Download hier een pdf van dit artikel.
De grondwatertemperatuur verschaft informatie over de uitwisseling tussen grondwater en oppervlaktewater [1]. Bij voldoende temperatuurmetingen komen ook de doorlatendheid van de ondergrond en de stroomsnelheid van het grondwater in beeld. Kennis van de variatie van de grondwaterstroomsnelheid in de ondergrond is belangrijk, bijvoorbeeld bij het monitoren van de verspreiding van verontreinigingspluimen, om te checken of er wel voldoende afbraak is tussen bron en winput, of bij de opslag van koude en warmte in de ondergrond bij WKO systemen.
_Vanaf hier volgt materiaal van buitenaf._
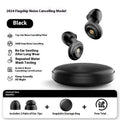 Soft silicone earplugs for sleep with ear cap and storage bag in beige and dark night black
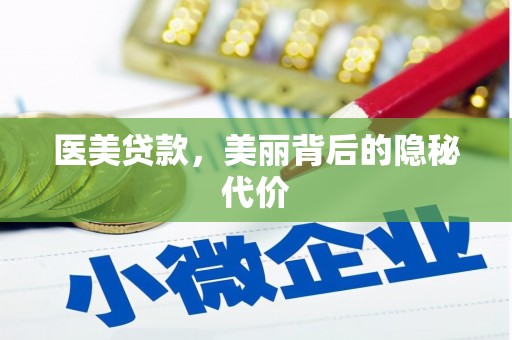 肥乡医美贷款，美丽背后的隐秘代价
Vroeger bepaalde men de grondwatertemperatuur met een gevoelige thermometer in een peilbuis [2]. Tegenwoordig gebruikt men automatische drukopnemers of soortgelijke sensoren. Een nieuwe methode om de temperatuur nauwkeurig en efficiënt te meten is met glasvezelkabels en een DTS-machine (Distributed Temperature Sensing). De DTS-machine stuurt een laser door de glasvezelkabels en uit de weerkaatsing van de laser wordt de temperatuur langs de kabel bepaald. Een goede DTS-machine bepaalt de temperatuur langs de kabel tot op een honderdste graad nauwkeurig. DTS vindt steeds vaker toepassing in de waterwereld [3,4], temeer daar de glasvezelkabel kilometers lang mag zijn en maar een paar euro per meter kost. Zo zijn glasvezelkabels op de bodem van oppervlaktewater gelegd, in ondiepe sleuven in de ondergrond gegraven, rondom putten gewikkeld en in boorgaten neergelaten [5,6]. Bij meting in een boorgat moet men overigens wel nagaan of de temperatuur in de peilbuis representatief is voor de temperatuur van het grondwater en of er geen significante beweging van water in de peilbuis is.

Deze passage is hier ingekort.